(EXERCISE DETAILS) Up to and including the line that contains "Какая порода кошки", repeat each line of the data exactly, starting from the first.

*** RECORDS FOR THE EXERCISE ***

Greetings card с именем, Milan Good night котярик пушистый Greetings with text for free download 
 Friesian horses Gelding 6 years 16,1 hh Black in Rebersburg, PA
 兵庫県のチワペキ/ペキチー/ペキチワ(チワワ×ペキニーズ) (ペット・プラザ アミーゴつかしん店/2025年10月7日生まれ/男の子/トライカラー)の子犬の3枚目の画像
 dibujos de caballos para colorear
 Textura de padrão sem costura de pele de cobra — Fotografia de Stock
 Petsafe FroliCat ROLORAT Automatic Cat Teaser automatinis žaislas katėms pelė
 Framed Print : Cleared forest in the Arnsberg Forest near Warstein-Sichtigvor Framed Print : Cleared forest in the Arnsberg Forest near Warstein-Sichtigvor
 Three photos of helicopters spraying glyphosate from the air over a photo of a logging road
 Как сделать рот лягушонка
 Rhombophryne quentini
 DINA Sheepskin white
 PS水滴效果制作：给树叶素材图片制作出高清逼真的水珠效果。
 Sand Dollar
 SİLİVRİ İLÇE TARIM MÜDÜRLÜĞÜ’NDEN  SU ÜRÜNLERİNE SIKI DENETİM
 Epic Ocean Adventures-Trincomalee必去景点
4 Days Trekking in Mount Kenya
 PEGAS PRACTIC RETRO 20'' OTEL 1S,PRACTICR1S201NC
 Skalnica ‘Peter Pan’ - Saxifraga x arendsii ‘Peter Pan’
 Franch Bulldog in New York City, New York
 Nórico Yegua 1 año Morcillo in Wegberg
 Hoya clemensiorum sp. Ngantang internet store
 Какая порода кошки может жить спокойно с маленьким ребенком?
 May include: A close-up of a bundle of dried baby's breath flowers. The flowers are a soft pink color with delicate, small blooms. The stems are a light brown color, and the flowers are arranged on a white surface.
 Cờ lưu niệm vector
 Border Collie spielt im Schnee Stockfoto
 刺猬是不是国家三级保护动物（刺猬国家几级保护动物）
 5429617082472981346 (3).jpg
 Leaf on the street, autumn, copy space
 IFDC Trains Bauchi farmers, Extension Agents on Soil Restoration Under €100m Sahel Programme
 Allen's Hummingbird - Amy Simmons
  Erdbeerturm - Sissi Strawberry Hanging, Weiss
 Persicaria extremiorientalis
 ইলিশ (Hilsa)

*** End of RECORDS FOR THE EXERCISE ***

(ANSWER SECTION)
Greetings card с именем, Milan Good night котярик пушистый Greetings with text for free download 
 Friesian horses Gelding 6 years 16,1 hh Black in Rebersburg, PA
 兵庫県のチワペキ/ペキチー/ペキチワ(チワワ×ペキニーズ) (ペット・プラザ アミーゴつかしん店/2025年10月7日生まれ/男の子/トライカラー)の子犬の3枚目の画像
 dibujos de caballos para colorear
 Textura de padrão sem costura de pele de cobra — Fotografia de Stock
 Petsafe FroliCat ROLORAT Automatic Cat Teaser automatinis žaislas katėms pelė
 Framed Print : Cleared forest in the Arnsberg Forest near Warstein-Sichtigvor Framed Print : Cleared forest in the Arnsberg Forest near Warstein-Sichtigvor
 Three photos of helicopters spraying glyphosate from the air over a photo of a logging road
 Как сделать рот лягушонка
 Rhombophryne quentini
 DINA Sheepskin white
 PS水滴效果制作：给树叶素材图片制作出高清逼真的水珠效果。
 Sand Dollar
 SİLİVRİ İLÇE TARIM MÜDÜRLÜĞÜ’NDEN  SU ÜRÜNLERİNE SIKI DENETİM
 Epic Ocean Adventures-Trincomalee必去景点
4 Days Trekking in Mount Kenya
 PEGAS PRACTIC RETRO 20'' OTEL 1S,PRACTICR1S201NC
 Skalnica ‘Peter Pan’ - Saxifraga x arendsii ‘Peter Pan’
 Franch Bulldog in New York City, New York
 Nórico Yegua 1 año Morcillo in Wegberg
 Hoya clemensiorum sp. Ngantang internet store
 Какая порода кошки может жить спокойно с маленьким ребенком?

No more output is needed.